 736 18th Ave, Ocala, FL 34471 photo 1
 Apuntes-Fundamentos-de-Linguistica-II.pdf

---

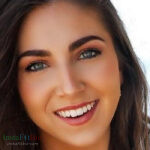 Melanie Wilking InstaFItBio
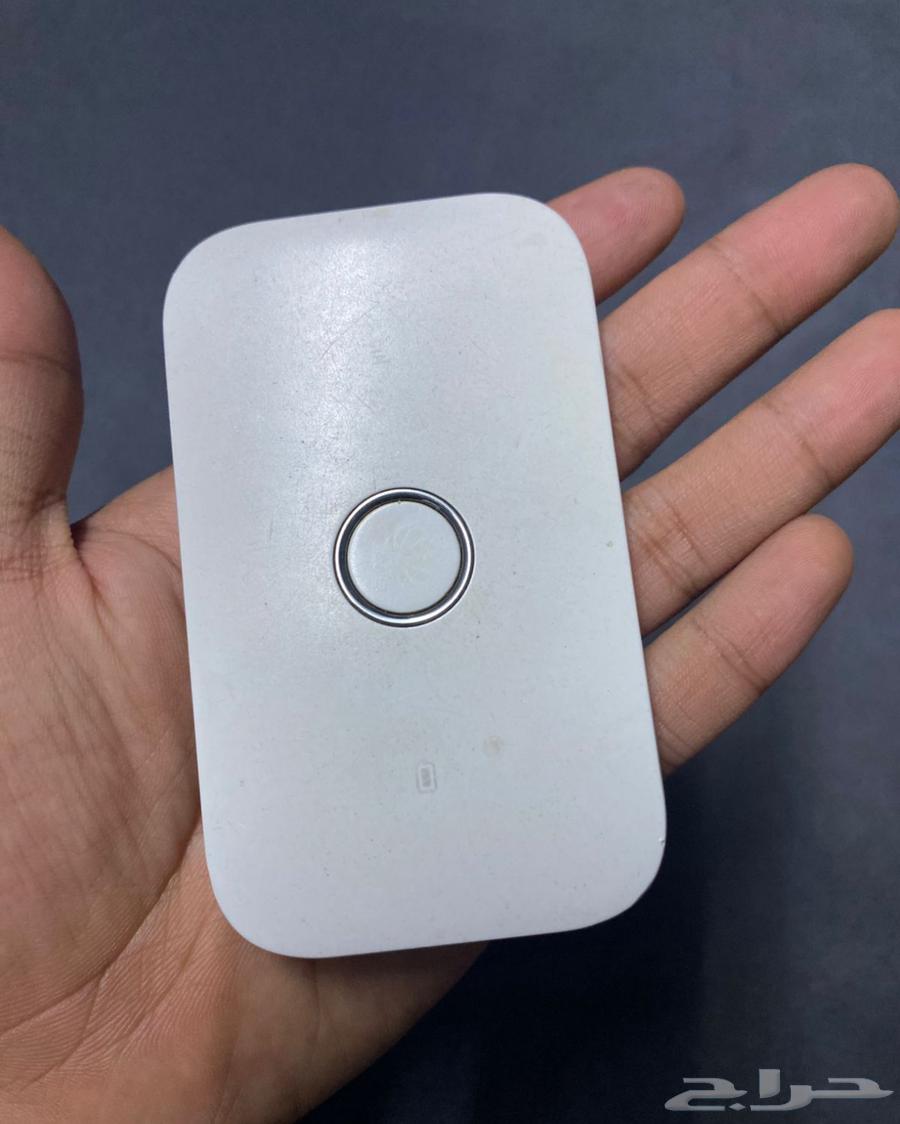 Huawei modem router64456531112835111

---

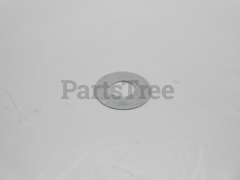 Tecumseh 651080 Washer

## Instructions for the task:
Repeat word for word the lines above that run from the line containing "736 18th Ave, Ocala, FL 34471 photo 1" through the line containing "Apuntes-Fundamentos-de-Linguistica-II.pdf", both ends included, and nothing else.

## Solution to this task:
 736 18th Ave, Ocala, FL 34471 photo 1
 Apuntes-Fundamentos-de-Linguistica-II.pdf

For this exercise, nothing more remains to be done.